= Everything Will Be Fine (1998 film) =

1998 television film directed by Angelina Maccarone

Everything Will Be Fine (Alles wird gut) is a German comedy film written by Angelina Maccarone and Fatima El-Tayeb, released in 1998. Everything Will Be Fine was one of the first German films since Toxi with a Black German female protagonist. Additionally, it was the first German comedy with a non-white protagonist. The film aired on German TV and brought novelty to German film through its use of comedy to highlight racism. Maccarone drew from screwball comedy of the 1930s and took it back, made it witty, and “queered” it. Additionally, Everything Will Be Fine moved away from a “problem film”, one that accentuates strangeness, to a film that highlights black female protagonists who are self-sufficient and free. The film highlights different ways of being Black, Queer, and German, The black characters were not depicted as strangers or problems for the German nation through Maccarone's ability to show the “everydayness” of black Germans.

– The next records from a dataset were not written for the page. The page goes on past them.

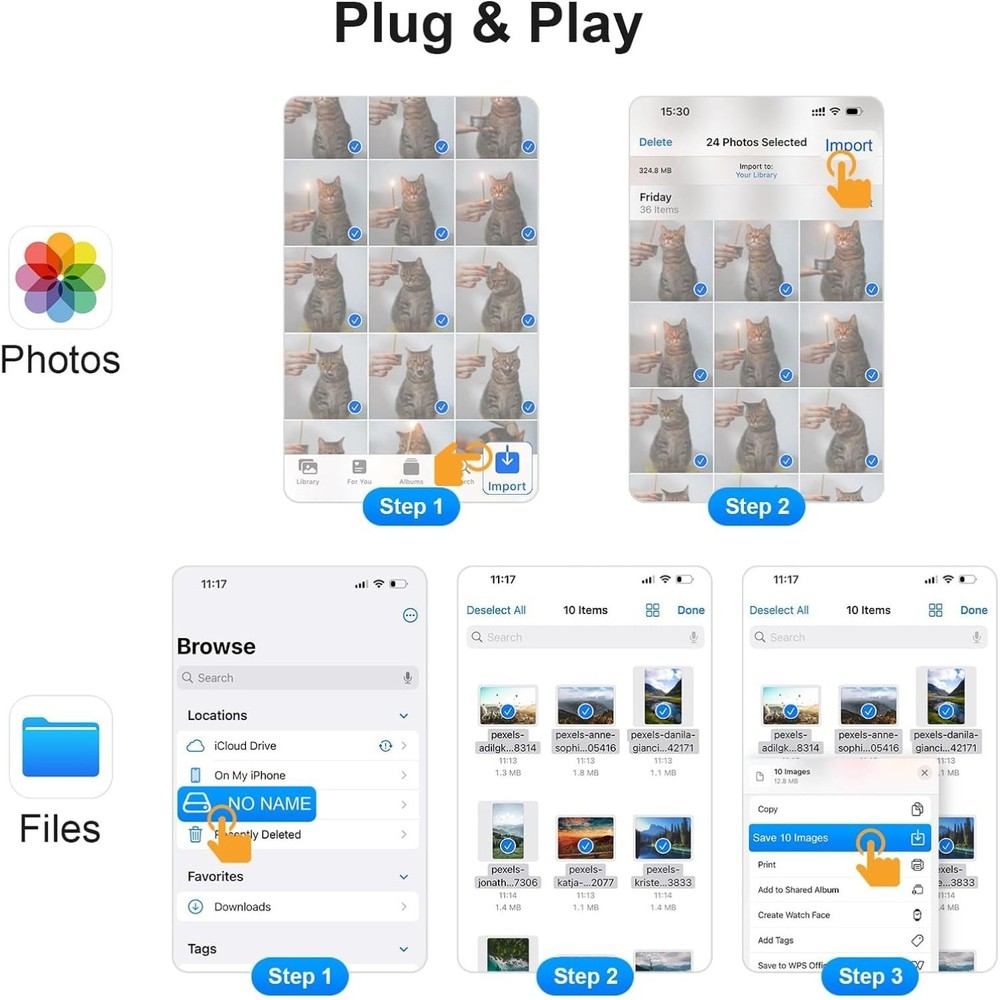 SD Card Reader for iPhone, 3-in-1 Lightning to SD Card Reader for iPhone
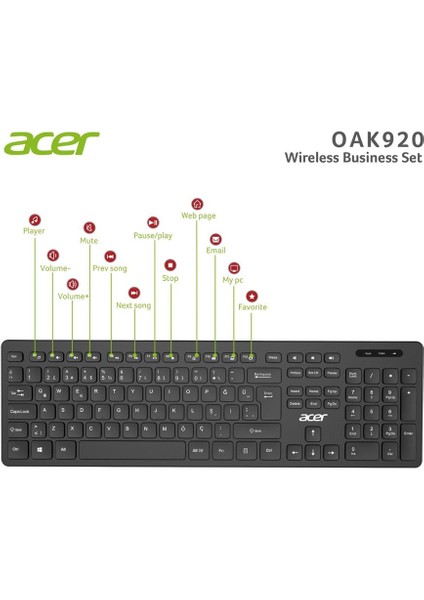 Acer OAK-920 Siyah Kablosuz Klavye 2.4ghz Caps Lock (Smart Tv- Wifi) fiyatları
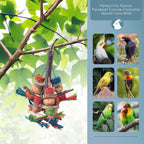 Side profile of Bissap bird toy highlighting hemp rope construction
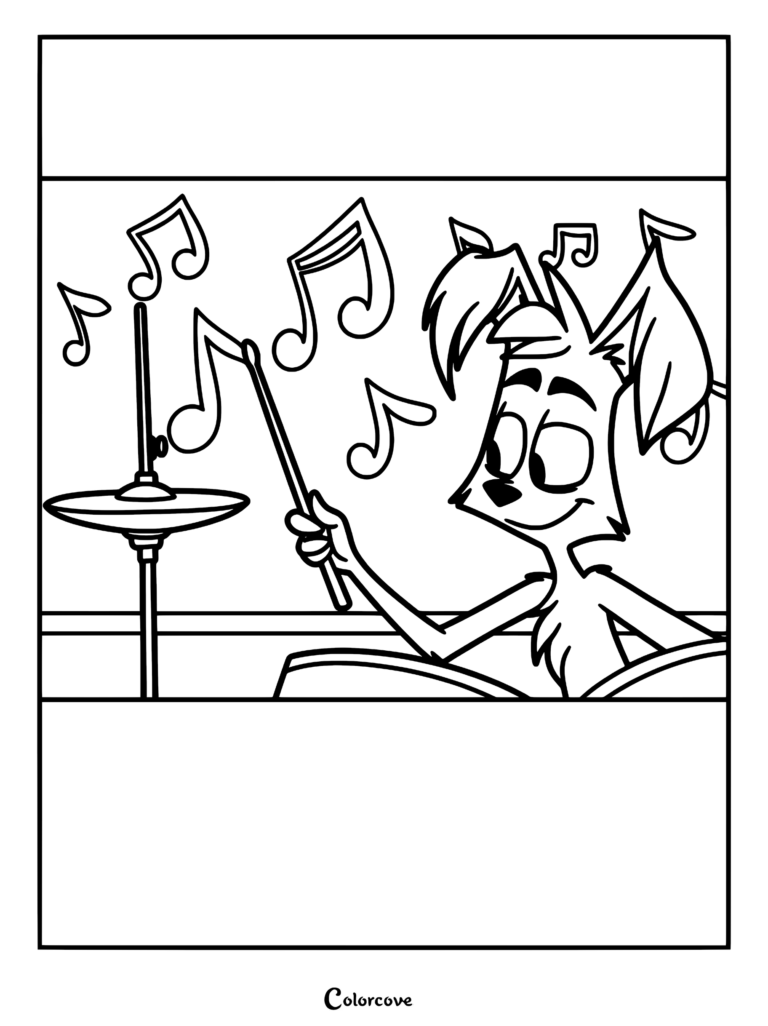 Bad Luck Jack playing drums with musical notes floating in the air in this Zoophobia coloring page.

This is in stark contrast to Toxi, a 1952 German film, that highlights Toxi, a young black German girl, as a problem.

== Cast ==
- Kati Luzie Stüdemann as Nabou
- Chantal de Freitas as Kim
- Isabella Parkinson as Giuseppa
- Pierre Sanoussi-Bliss as Kofi
- Aglaia Szyszkowitz as Katja
- Uwe Rohde as Dieter

== Reception ==
The film won the Best Feature Film Award at the 1998 Paris Lesbian and Feminist Film Festival, and the Audience Award at the 1998 Inside Out Film and Video Festival.